• **TASK REQUIREMENTS**
Using only the entries below, copy exactly the lines that begin at the one with "Spain 1936 39" and end at the one with "Dog And Family", both included. Drop the pictures.

• **EXERCISE DATA**
_ _ _

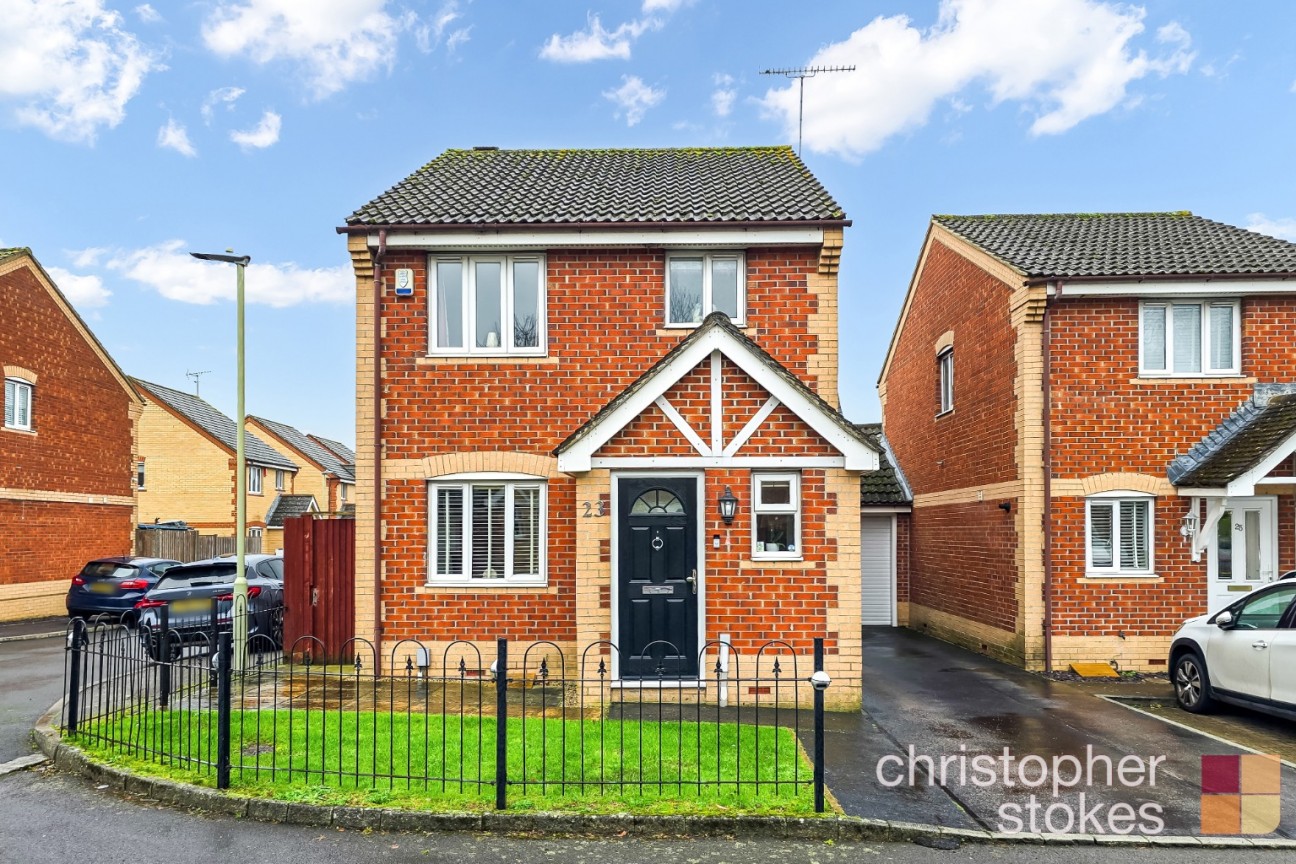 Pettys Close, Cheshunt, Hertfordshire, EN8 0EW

_ _ _

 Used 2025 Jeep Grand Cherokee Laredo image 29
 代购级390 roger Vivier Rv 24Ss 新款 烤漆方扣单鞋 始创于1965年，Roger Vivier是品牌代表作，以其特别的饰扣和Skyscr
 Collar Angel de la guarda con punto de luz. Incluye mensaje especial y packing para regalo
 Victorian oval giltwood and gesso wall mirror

_ _ _

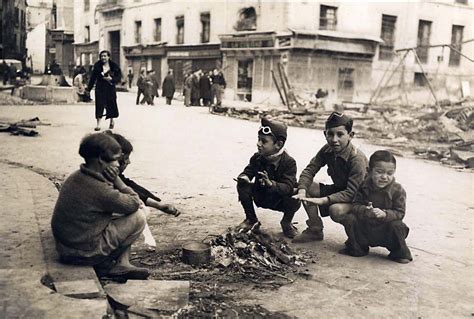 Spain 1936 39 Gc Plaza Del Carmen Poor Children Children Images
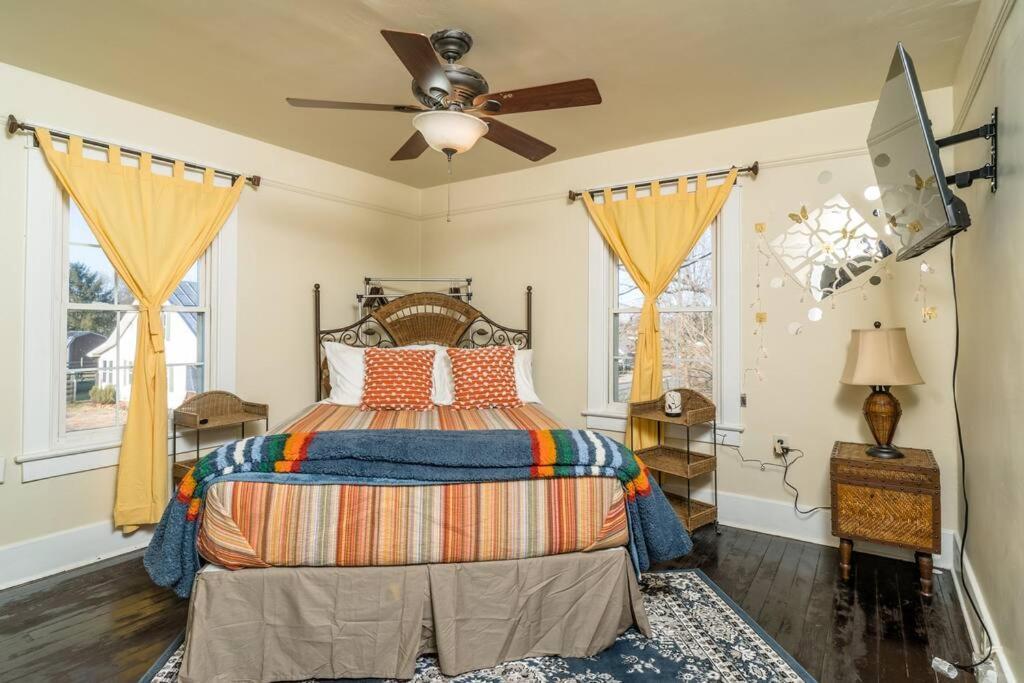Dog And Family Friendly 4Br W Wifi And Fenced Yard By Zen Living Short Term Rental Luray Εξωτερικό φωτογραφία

_ _ _

• **EXERCISE ANSWER**
 Spain 1936 39 Gc Plaza Del Carmen Poor Children Children Images
Dog And Family Friendly 4Br W Wifi And Fenced Yard By Zen Living Short Term Rental Luray Εξωτερικό φωτογραφία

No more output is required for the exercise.